### [Exercise instructions]
Take the material below and extract the lines from the one with "叢生金枝槐供應，叢生金枝槐價格，叢生金枝槐基地" through the one with "Potted Umbrella Tree", word for word, without pictures.

### [Data excerpts]

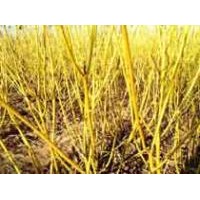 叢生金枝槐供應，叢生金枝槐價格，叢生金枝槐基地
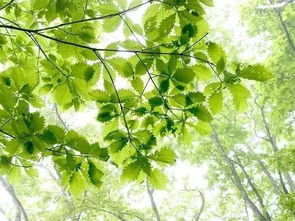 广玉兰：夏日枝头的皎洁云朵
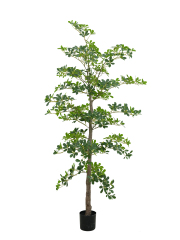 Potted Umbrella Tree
* * *
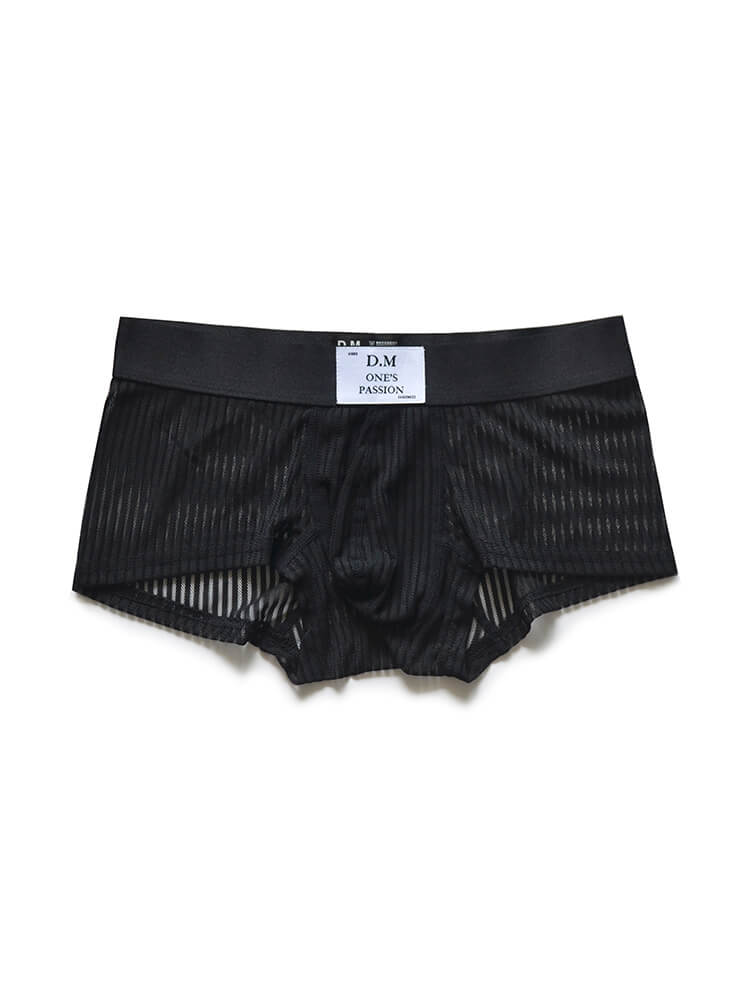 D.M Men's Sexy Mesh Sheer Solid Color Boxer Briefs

### [Task result]
 叢生金枝槐供應，叢生金枝槐價格，叢生金枝槐基地
 广玉兰：夏日枝头的皎洁云朵
 Potted Umbrella Tree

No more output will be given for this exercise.